Sometimes you Tweet something and think, “hey, I should expand on that.”
And more often than not, you get lazy, and forget to ever do that expansion.
That was my thinking this morning when still seeing some twitter reactions to this Tweet.
So, let’s expand.
As the Tweet says, we build an 82-game schedule that gets every team into every building, and then effectively has a recalibration moment after 62 games.
For the first 3/4ths of the season, each team plays every other team home-and-away to create that 62-game sample size. This gets every team into every building and all with the exact same opponents, so in theory everyone has the exact same strength of schedule.
At this point we split the league into two. As one Tweeter point out it works better with a 21/11 split than a 22/10 split, so kudos to them and we’ll go with that.
The top 21 teams play each other once, with the top-16 reaching the NHL playoffs in a 1 through 16 re-seeded format. (Standings continue on from the 62 game mark, we don’t want to devalue what a team has done for 3/4ths of the season). This gets 20 games of playoff-level opponents for 21 markets, which is great to sell if you are an owner or team executive.
The schedule remains balanced, everyone is still playing the same opponents, we have a true even strength of schedule across the league.
The bottom 11 teams play each other twice, home and away, for 20 games, and they enter that mini-20 game season with the points effectively re-set to zero. The team with the top record of the bottom-11 league (we can sponsor it, drive revenue!) gets the No. 1 pick in the draft. The team with the second-best record gets the No. 2 pick, so on, and so forth.
By my logic, which I admit can be faulty, this eliminates true tanking by owners and GMs. While a bad team may want to be in the bad zone, they can’t truly tank because they have to win games against their peers over the final 20 games.

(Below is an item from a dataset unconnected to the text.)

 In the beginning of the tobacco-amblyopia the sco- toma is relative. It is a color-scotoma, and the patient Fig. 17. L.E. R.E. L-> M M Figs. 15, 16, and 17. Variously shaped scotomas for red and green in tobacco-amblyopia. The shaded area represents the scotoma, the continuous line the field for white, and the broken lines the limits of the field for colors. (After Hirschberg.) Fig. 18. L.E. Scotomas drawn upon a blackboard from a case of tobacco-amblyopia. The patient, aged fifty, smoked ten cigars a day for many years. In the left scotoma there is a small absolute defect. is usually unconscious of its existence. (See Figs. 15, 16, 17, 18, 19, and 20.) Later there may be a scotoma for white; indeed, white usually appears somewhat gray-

For an example of this, in theory it could have looked a little bit like this last season.
It wasn’t a clean break, but was the rough NHL standings after 62 games last season. These would have been your bottom-11 teams.

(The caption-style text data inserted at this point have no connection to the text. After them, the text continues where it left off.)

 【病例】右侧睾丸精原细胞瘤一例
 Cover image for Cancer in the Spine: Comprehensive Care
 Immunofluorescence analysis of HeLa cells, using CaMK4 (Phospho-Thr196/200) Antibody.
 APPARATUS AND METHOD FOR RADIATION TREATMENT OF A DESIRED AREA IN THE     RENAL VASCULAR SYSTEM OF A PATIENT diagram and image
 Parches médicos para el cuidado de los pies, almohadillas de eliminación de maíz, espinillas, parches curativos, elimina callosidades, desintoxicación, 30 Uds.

Now imagine those fan bases having an opportunity to re-set and root for wins, not losses over the final 20 games.
Each game would matter and as a business owner, you can sell that as a storyline to keep people’s interest.
Someone pointed out to me on Twitter that players don’t care about draft picks. Which is true, which is why a true single-elimination tournament for the No. 1 pick would never work, but a re-defining of 1/4th of regular season, in my mind would.

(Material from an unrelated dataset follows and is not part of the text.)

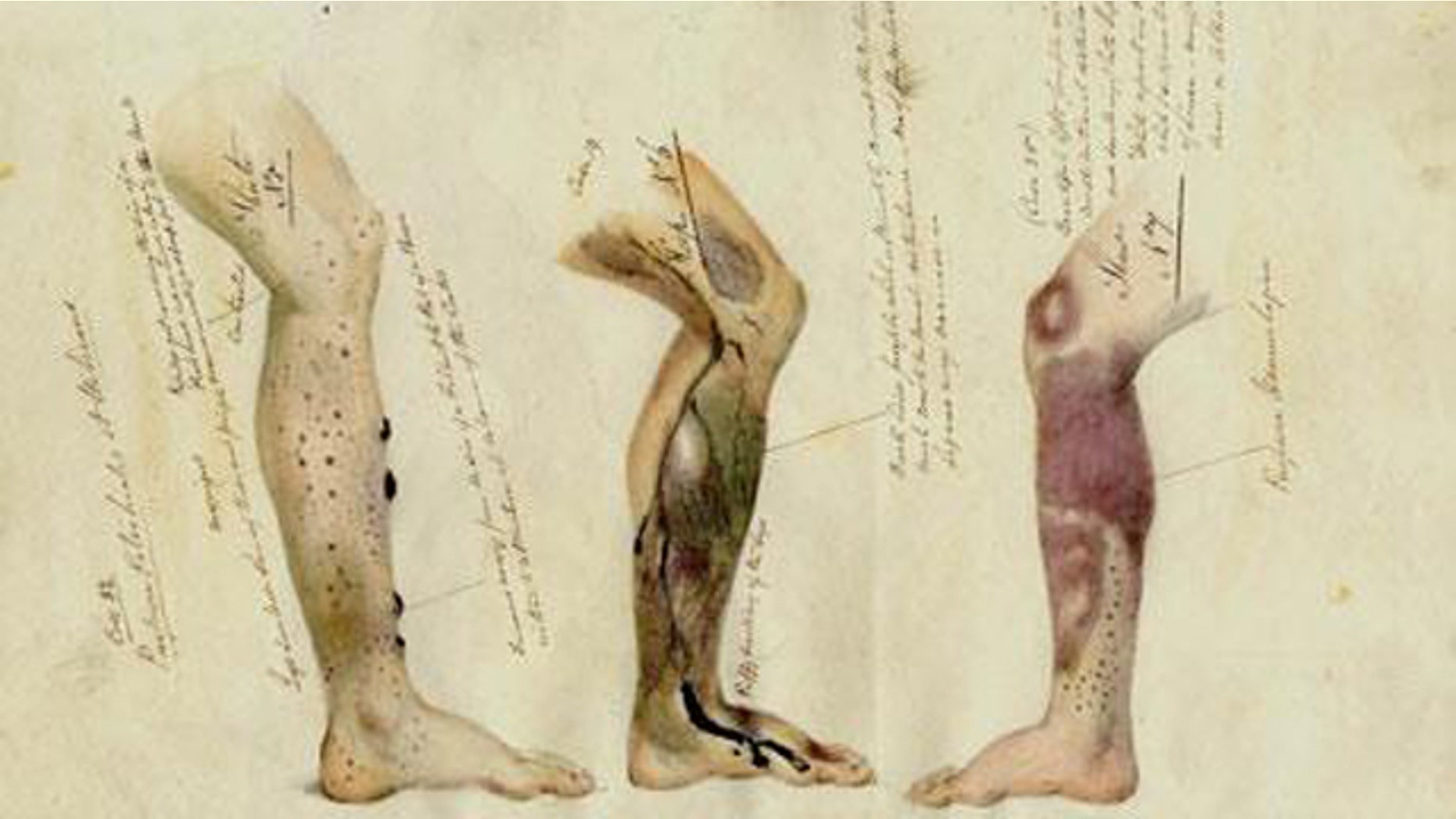 A drawing taken from journals written by Royal Navy surgeons between 1793 and 1880.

Players and coaches don’t tank, they try to win on a nightly basis even when their owner or GM is pulling the plug on things. This system is based on forcing the GMs and owners to not pull the plug, give us meaningful games across the board, and potentially avoid true tanking.
There are flaws with this plan, I get that. In fact, I’m willing to discuss the flaws in the comments below. But figured we could have some fun with this.
I like the idea, but it does seem to kill the excitement for a playoff spot. I guess you just shift that to the midpoint in the season? Scheduling would be difficult but doable. Your biggest hurdle would just be that people hate change.
As a hockey concept I love it, but the biggest issue I see is building schedule, particularly in arenas that are shared with NBA teams. Scheduling concerts and other events becomes nearly impossible for that final 20 game stretch.